Silicon Valley-Driven Hype for Self-Driving Cars - dbcooper
http://www.nytimes.com/2016/07/10/opinion/sunday/silicon-valley-driven-hype-for-self-driving-cars.html
======
Animats
It's not Silicon Valley hype that's the problem. It's Tesla hype. Tesla's
"autopilot" is way under-sensored. One TV camera, a bumper-level radar, and
some ultrasonic range sensors. That's just not enough. (Tesla is supposedly
adding more cameras in later models. They still need windshield-height radar.)
It's also not clear how much redundancy Tesla has in the control system?
Backup processors? Redundant steering motors? Redundant brake actuators.
Google has all of those.

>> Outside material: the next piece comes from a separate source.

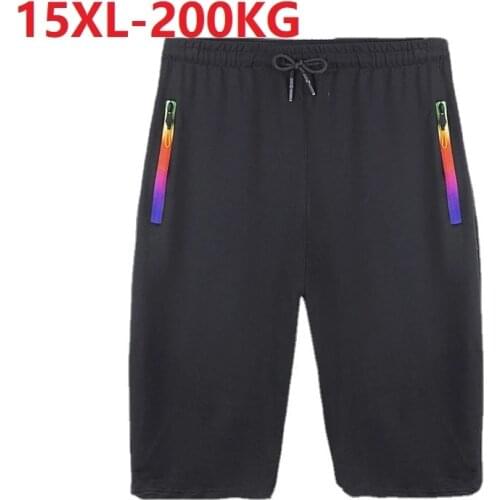 Summer men sweatpants sports pants zipper plus size 14XL10X 15XL Comfortable Breathable oversize elasticity knee length pants 70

Does Tesla?

The Tesla crash and rollover on the Pennsylvania Turnpike is troublesome.[1]
That's the situation Tesla's "autopilot" is supposed to handle. Here's the
crash location - Penna Turnpike mile marker 160, eastbound.[2] Concrete center
divider, metal guard rail on the right, clear pavement markings, summer
driving conditions. There's no excuse for a crash in that situation. That may
have been an outright system failure. NHTSA and the Pennsylvania State Police
are investigating.

Autopilot bug reports are written in customers blood. Musk seems to be in
denial about that.

Denial isn't going to work. Look how much trouble General Motors got into over
ignition switches with weak detent springs.[3] Keyrings with too many keys
could under some circumstances move the switch and turn off the vehicle. (It
wasn't just loss of propulsion; power steering, power brakes, and airbag power
were also lost.) GM has paid out $3 billion so far, recalled 800,000 cars, and
fired 15 people.

[1] [http://www.nytimes.com/2016/07/07/business/us-safety-
agency-...](http://www.nytimes.com/2016/07/07/business/us-safety-agency-
investigates-another-tesla-crash-involving-autopilot.html) [2]
[https://goo.gl/maps/TfcuZR67oXr](https://goo.gl/maps/TfcuZR67oXr) [3]
[https://en.wikipedia.org/wiki/General_Motors_ignition_switch...](https://en.wikipedia.org/wiki/General_Motors_ignition_switch_recalls)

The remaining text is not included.